WASHINGTON — Sensors designed for the U.S. Air Force’s F-35 aircraft monitored five NASA sounding rocket launches that took place in rapid succession this past spring, demonstrating the next-generation fighter’s ballistic missile detection, tracking and targeting capability, according to a Northrop Grumman press release.
The suborbital rockets, launched March 27 from NASA’s Wallops Flight Facility in Virginia, were detected and tracked simultaneously by the electro-optical distributed aperture system (DAS) and electronically scanned radar array sensors, the press release said. Northrop Grumman Electronic Systems of Linthicum, Md., designed both sensor suites for the F-35, which is built by Lockheed Martin Corp. of Bethesda, Md.

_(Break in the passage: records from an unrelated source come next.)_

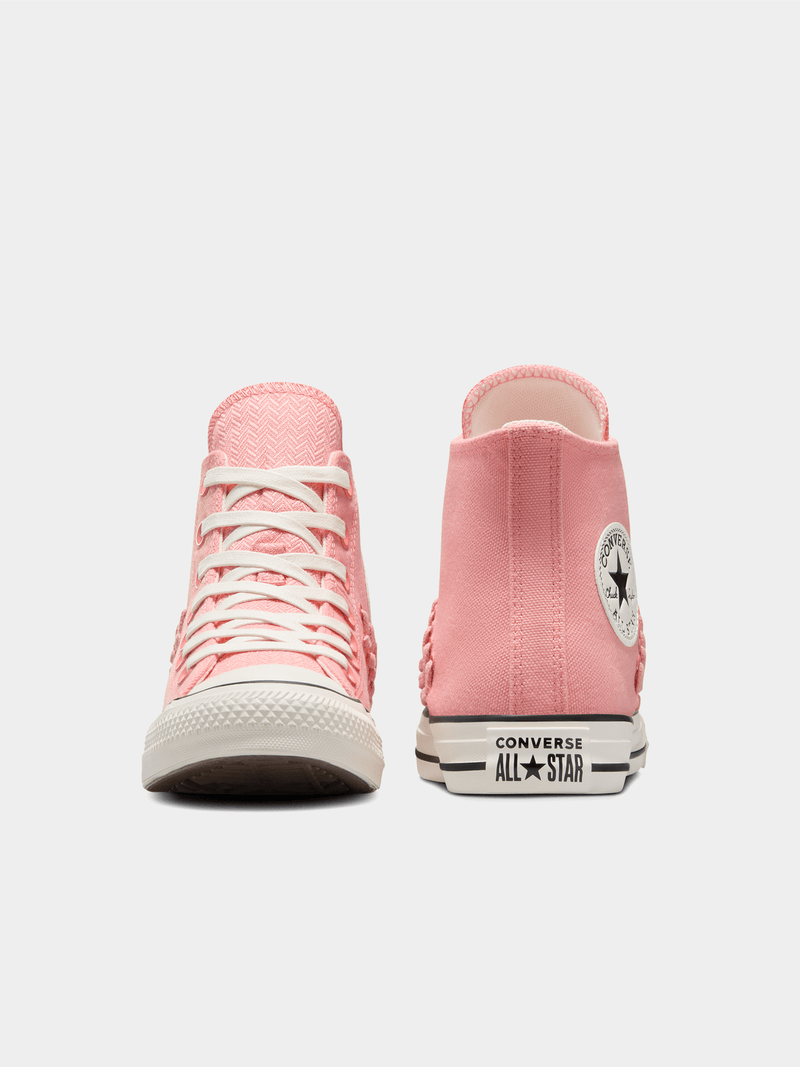 Converse Womens Chuck Taylor All Star Crafted Laces Flamingo Pink High-Top Sneakers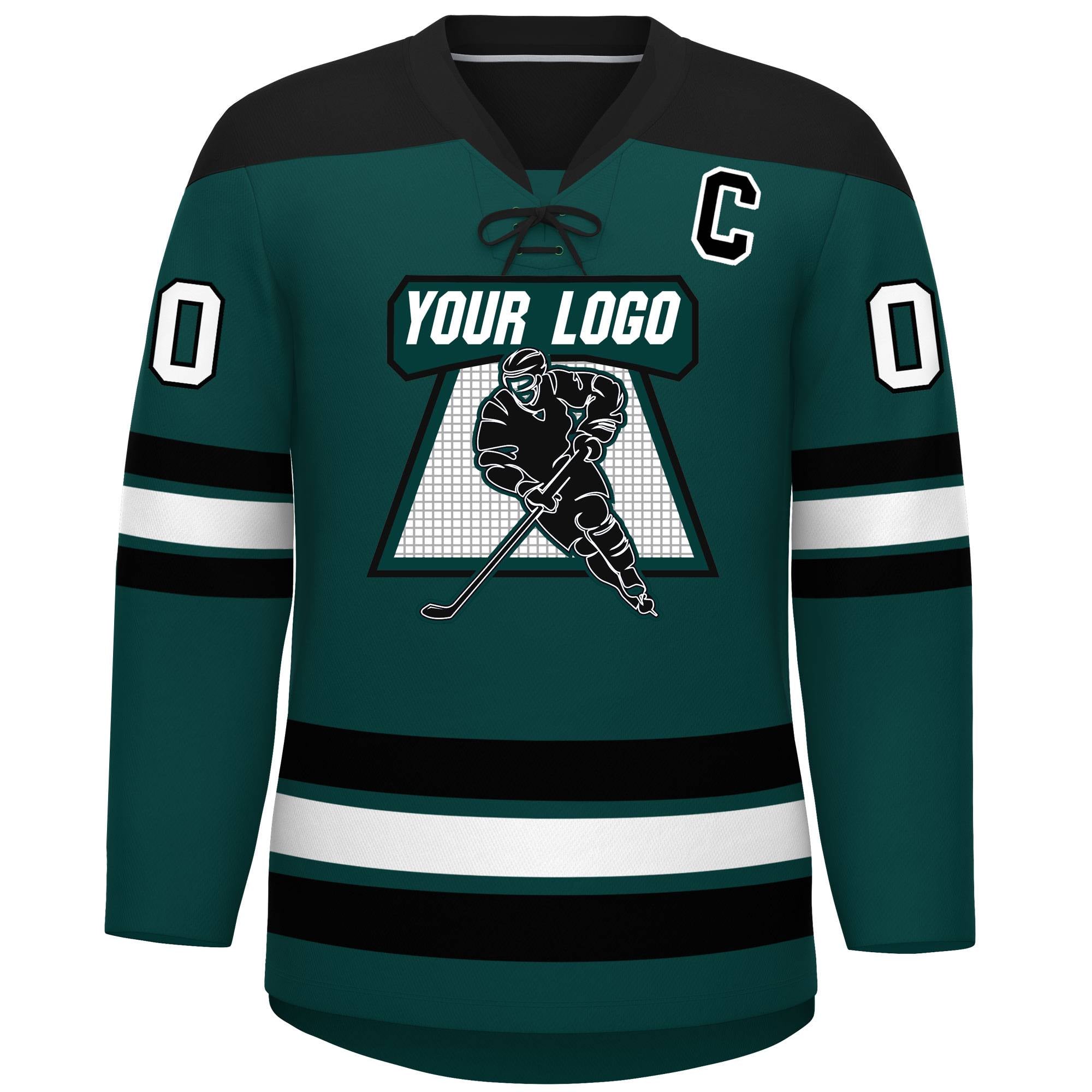 Custom Midnight Green Black White Personalized Classic Lace-Up Neck Hockey Jersey | KXKSHOP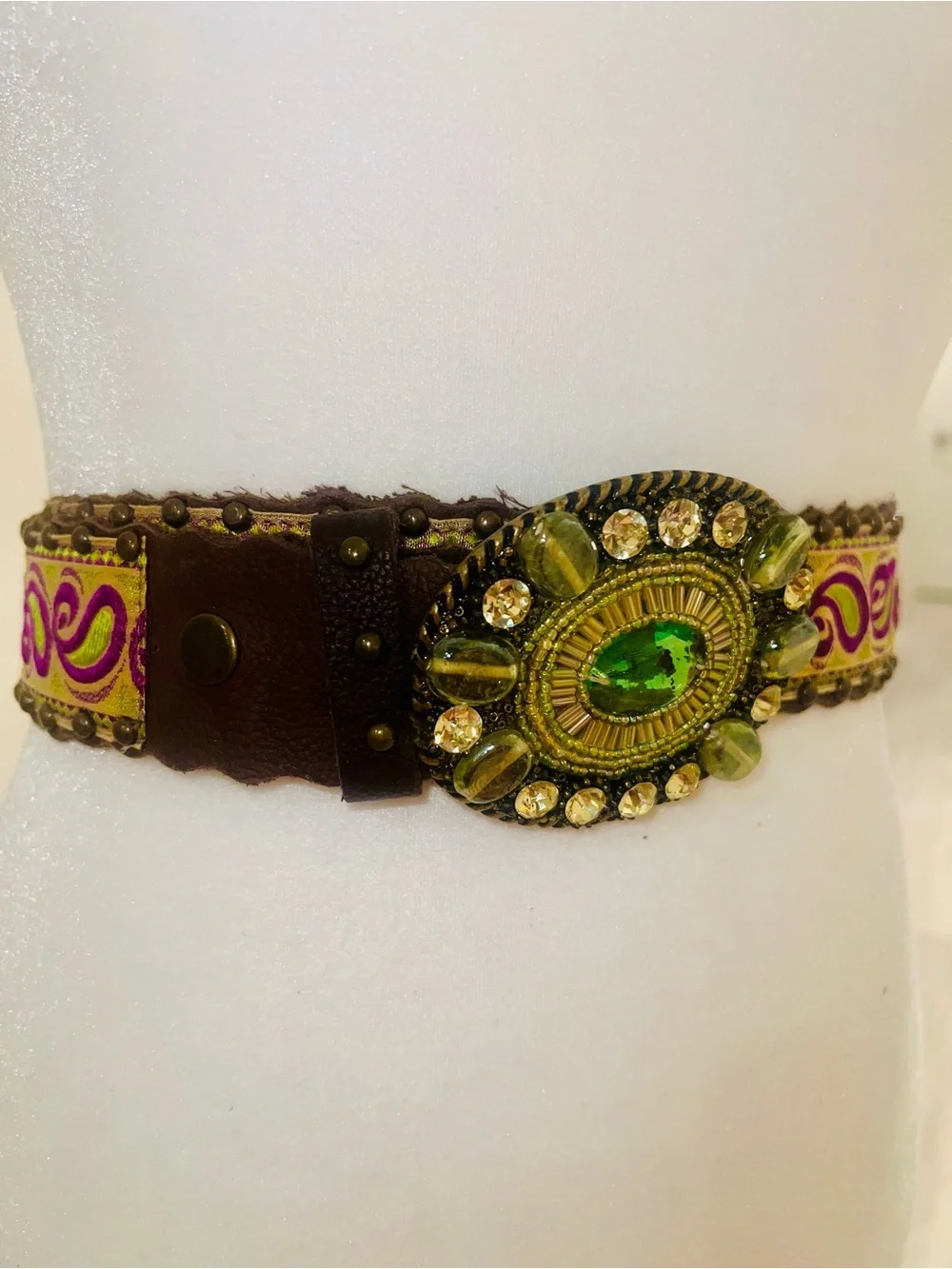 Leather Rock:  Embellished Genuine Leather Studded Belt-NO FLAWS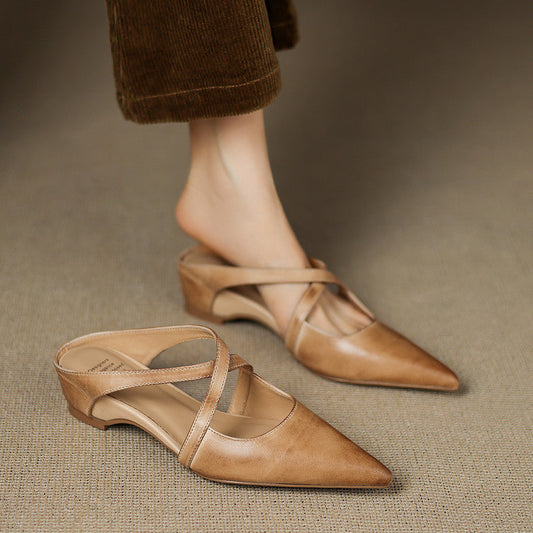 OrthoCare Cowhide Mules - Pointed Toe Comfort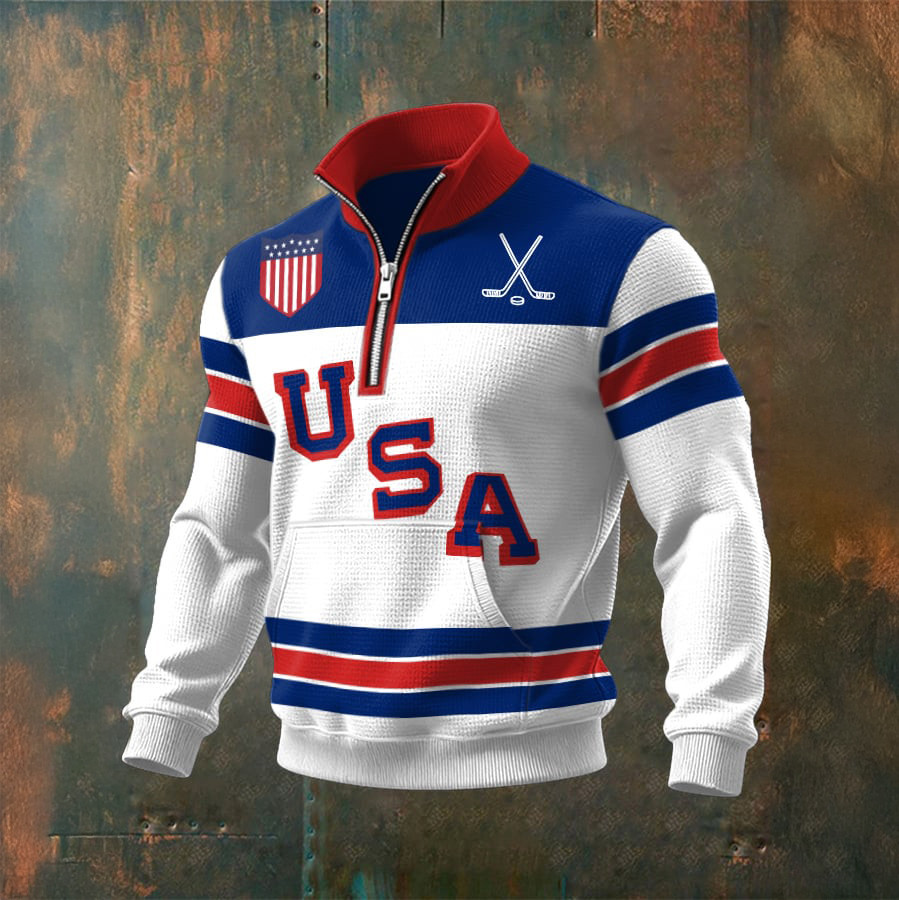 USA Ice Hockey 2026 Winter Olympic Zip Sweatshirt USA Hockey Team Merch Cool Fan Gift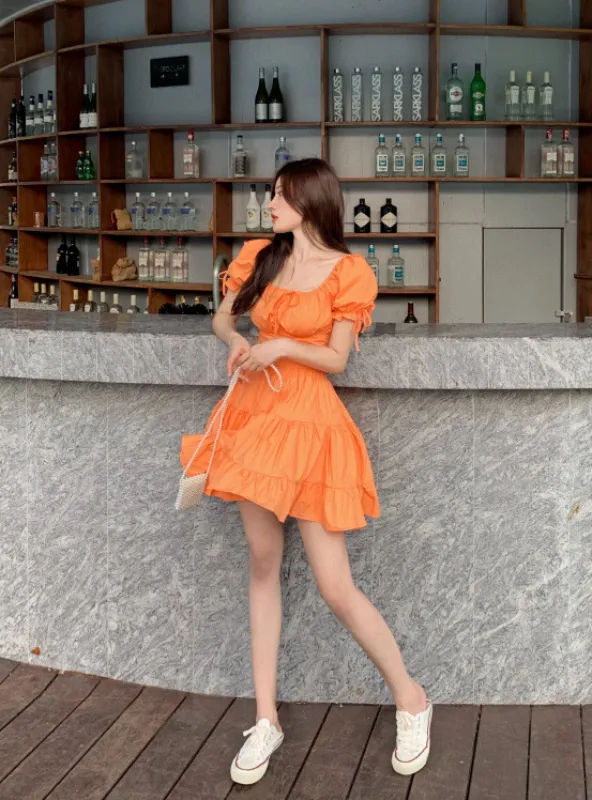 Solid Frill Hem Sashes Knotted Backless Sweet Young Style Woman Dress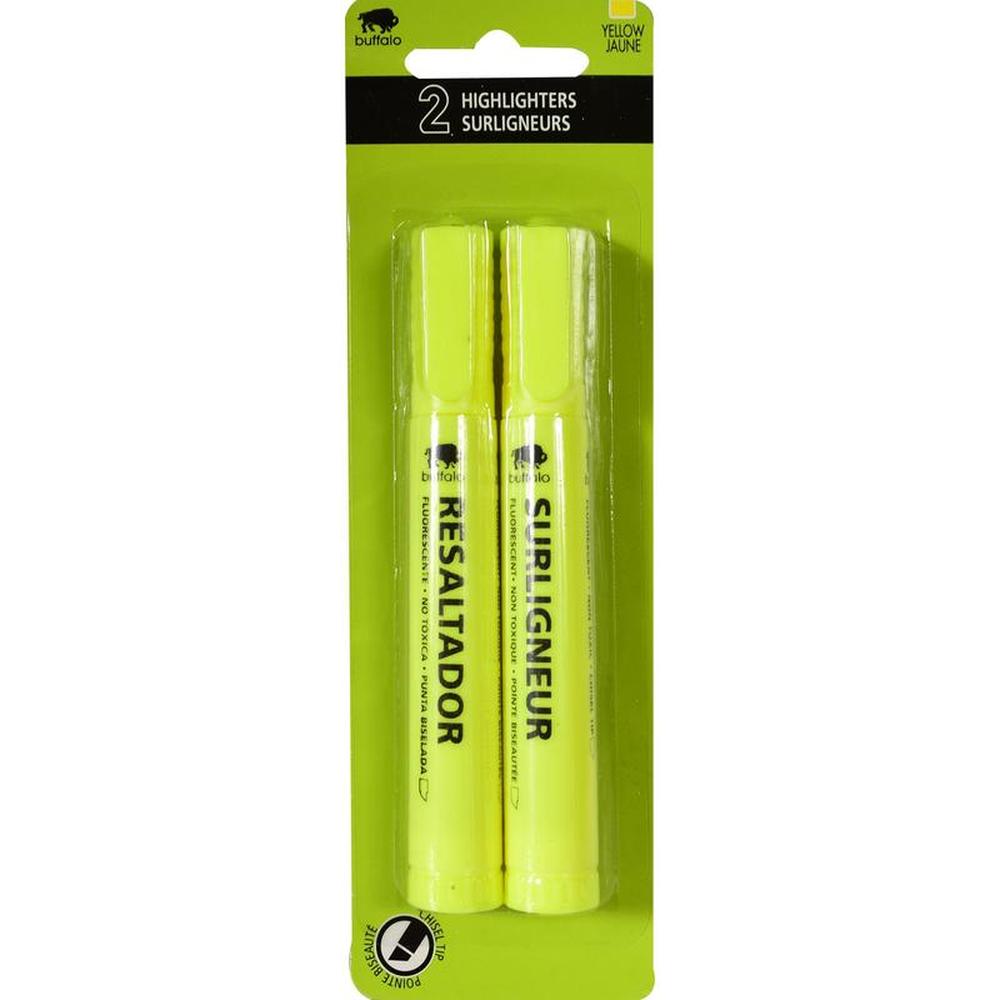 2 Broad Tip Highlighters Yellow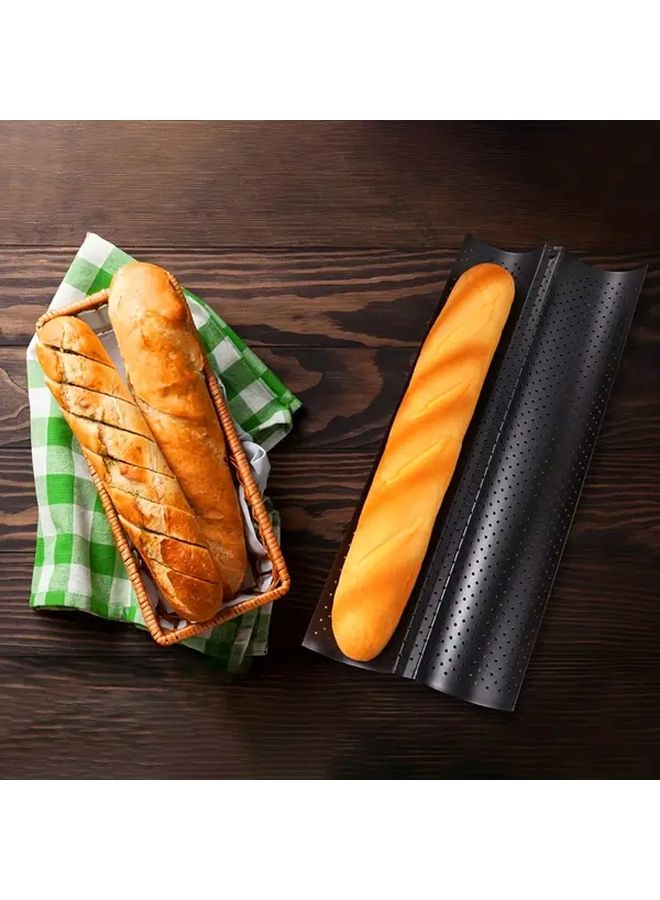 Black French Baguette Pan Perforated Mold Moisture Proof Cloth 250C Heat Resistant - Image 2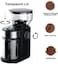 Electric Burr Coffee Grinder Automatic Flat Burr Coffee for French Press Drip Coffee and Espresso Adjustable Burr Mill with 18 settings 2-12 Cup Black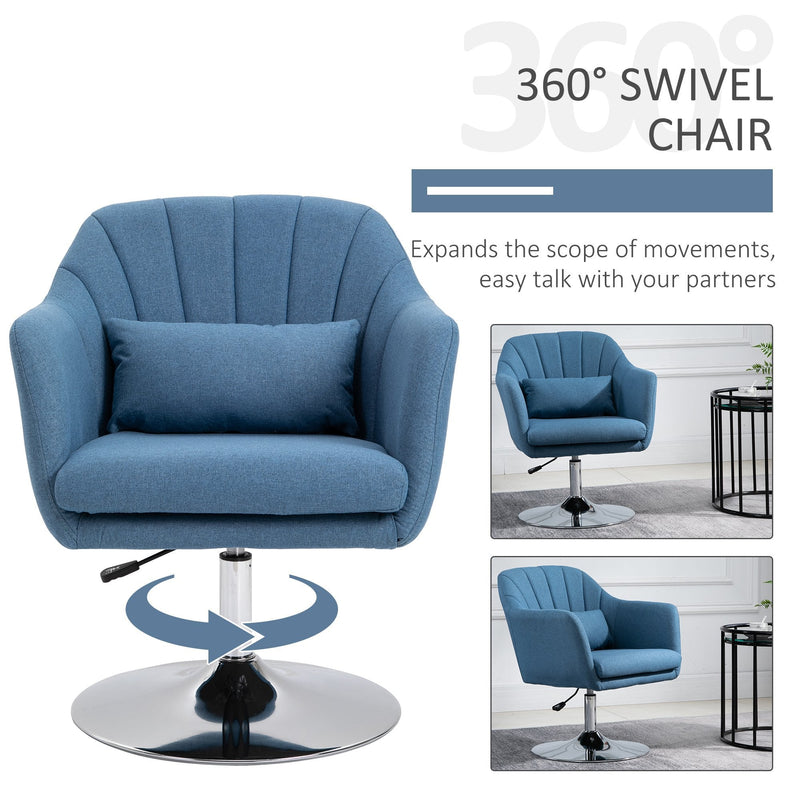 HOMCOM Swivel Base Accent Chair, with Pillow - Blue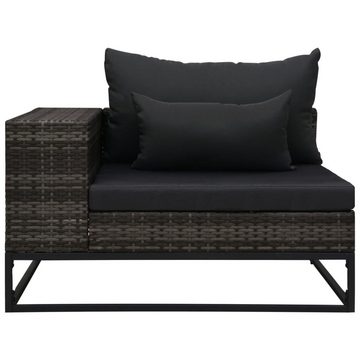 vidaXL Loungesofa 5-tlg. Garten-Sofagarnitur mit Auflagen Poly Rattan Grau, 1 Teile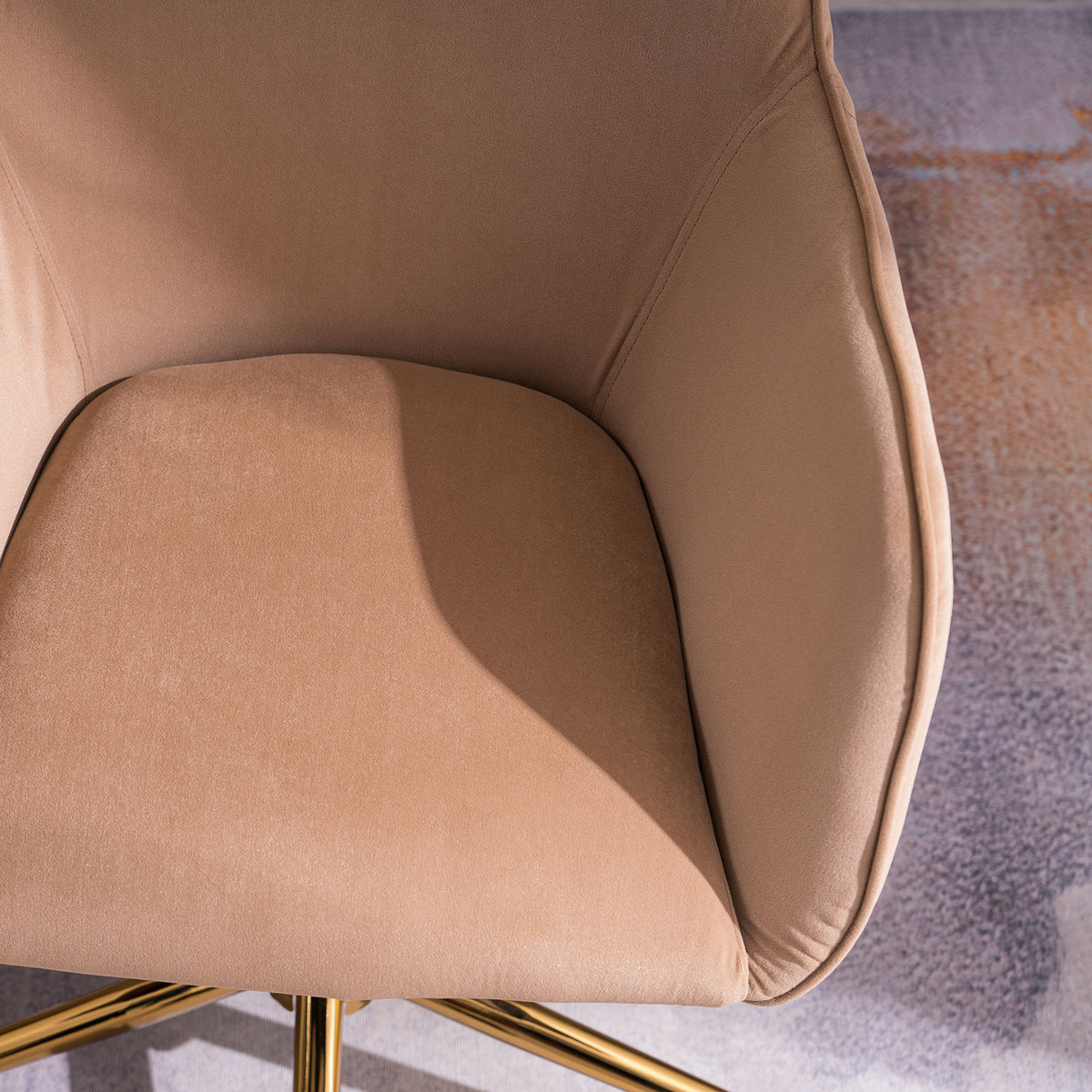 Velvet Executive Swivel Office Chair – Coffee Brown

The DAS, a suite of six infrared cameras providing a 360-degree spherical view from the aircraft, autonomously detected and tracked all five rockets through second-stage burnout, the press release said. The radar sensor was able to detect and track the rockets independently but also based on cuing data from the DAS camera suite, which enabled detection at a greater range, the release said.
The sensors used in the demonstration were carried not by an F-35 but aboard Northrop Grumman’s BAC1-11 testbed aircraft, a converted passenger jet, the company said. Only minor modifications to the sensor software were necessary, the press release said.
“Since DAS is always staring simultaneously in every direction, an operator does not have to point the sensor in the direction of a target to gain a track,” Jeff Leavitt, vice president of Northrop Grumman’s combat avionic systems business unit, said in a prepared statement. “The F-35 pilot could continue the primary mission while the sensors automatically observe ballistic missile threats.”
NASA launched the rockets at 80-second intervals starting at 4:58 a.m. for the Anomalous Transport Rocket Experiment, designed to gather information on the jet stream roughly 100 kilometers above the surface of the Earth. The demonstration was coordinated with the Air Force and NASA’s Science Mission Directorate, and did not affect the space agency’s scientific objectives, the press release said.
Northrop Grumman announced in November 2010 that the DAS system aboard the BAC1-11 aircraft detected and tracked the June 4, 2010, maiden launch of Space Exploration Technologies Corp.’s Falcon 9 rocket from a distance of 1,300 kilometers. That press release was accompanied by a video from the DAS system that shows the rocket from when it clears the horizon all the way through second-stage burnout.